Batting average might not be the most useful analytical statistic, but that doesn’t render it useless. Instead, like OBP and FIP, it tells us one thing, namely how frequently the team records a base hit or home run. Like OBP, this is a binary statistic. Either the player recorded a hit or he didn’t. The denominator might present problems, but the stat still serves its purpose. To their credit the Yankees have a high team batting average, .275, fourth in the majors (and fourth in the AL). A few weeks ago, however, they were a bit higher on the list. Interleague play has bumped them down a bit.
Even so, interleague play went pretty well for the Yankees. They lost only one series, but they swept one as well. With their win over the Dodgers on Sunday they finished their NL tour with two wins in every three games, which is a bit better than their overall season win percentage. Yet, again, they did it while lowering their team batting average. The key to winning in the NL, it appears, was the team’s ability to not just hit the ball, but hit the ball hard. The Yankees certainly crushed the ball during the past few weeks.
(Just to be clear, I’m counting the first Mets series in the pre-interleague stats because it would be a pain to subtract that one too.)
Before their game on June 11 against the Astros, the Yankees as a team hit .282. During their 15-game interleague romp that fell all the way to .249. This doesn’t come as much of a surprise, since the Yanks had trouble putting men on base in the last two games of the Phillies series, and really even into the Mets series. The team slugging predictably fell, from .452 to .410, but more importantly that also represented a drop in ISO, from .170 to .161. So not only did the Yankees hit the ball less frequently during interleague play, but they also did not hit for as much power.
The Yankees also didn’t get on base at nearly the clip they had achieved earlier in the season.

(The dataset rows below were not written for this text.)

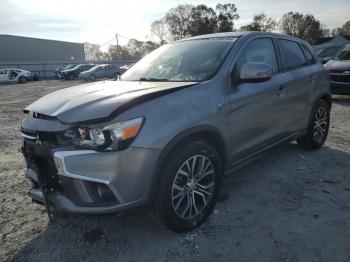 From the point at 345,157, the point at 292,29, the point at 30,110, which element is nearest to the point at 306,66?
the point at 345,157

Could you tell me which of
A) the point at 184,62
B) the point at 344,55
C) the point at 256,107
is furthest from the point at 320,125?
the point at 344,55

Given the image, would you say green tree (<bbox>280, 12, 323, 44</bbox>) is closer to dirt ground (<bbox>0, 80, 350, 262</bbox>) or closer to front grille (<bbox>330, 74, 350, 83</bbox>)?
front grille (<bbox>330, 74, 350, 83</bbox>)

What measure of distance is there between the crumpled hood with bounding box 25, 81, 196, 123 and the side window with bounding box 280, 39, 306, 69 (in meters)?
1.98

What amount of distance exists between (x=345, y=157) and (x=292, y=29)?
66.6 metres

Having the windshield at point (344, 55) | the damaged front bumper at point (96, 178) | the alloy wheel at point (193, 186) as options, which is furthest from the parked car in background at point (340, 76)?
the damaged front bumper at point (96, 178)

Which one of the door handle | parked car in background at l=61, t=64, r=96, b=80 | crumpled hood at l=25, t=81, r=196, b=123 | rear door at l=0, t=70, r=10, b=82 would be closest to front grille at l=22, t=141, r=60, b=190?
crumpled hood at l=25, t=81, r=196, b=123

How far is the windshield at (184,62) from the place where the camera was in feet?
12.0

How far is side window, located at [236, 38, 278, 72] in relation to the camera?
3861mm

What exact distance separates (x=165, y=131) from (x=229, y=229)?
122 cm

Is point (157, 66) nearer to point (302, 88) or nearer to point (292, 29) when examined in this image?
point (302, 88)

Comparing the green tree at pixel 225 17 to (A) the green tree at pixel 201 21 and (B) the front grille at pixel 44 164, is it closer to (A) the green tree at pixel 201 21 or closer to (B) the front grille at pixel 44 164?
(A) the green tree at pixel 201 21

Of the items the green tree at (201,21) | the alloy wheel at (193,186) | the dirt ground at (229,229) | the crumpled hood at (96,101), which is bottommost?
the dirt ground at (229,229)

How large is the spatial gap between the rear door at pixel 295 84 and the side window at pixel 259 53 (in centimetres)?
23

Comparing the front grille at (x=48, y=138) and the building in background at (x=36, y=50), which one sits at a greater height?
the building in background at (x=36, y=50)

From Opening Day through June 10 the team had a .364 OBP, but from June 11 through last Sunday they were at just a .337 mark. So what, then, did the Yankees do well during interleague? Pitch, of course. They also hit home runs a bit more frequently, once every 30 PA, against one every 33.87 PA earlier in the season. That might not seem like a huge change, but for two players it was.
The core of the lineup, Mark Teixeira and Alex Rodriguez, started blasting the ball when facing NL opponents. To start the season Teixeira hit a home run every 30.68 plate appearances. During interleague he hit one every 16.75 PA. A-Rod showed even more improvement, hitting one every 31.86 PA before, and one every 15.67 during the NL stretch. Both of these are close to their career marks. A-Rod has hit a home run ever 16.69 plate appearances in his career, while Teixeira has hit one every 19.53 PA.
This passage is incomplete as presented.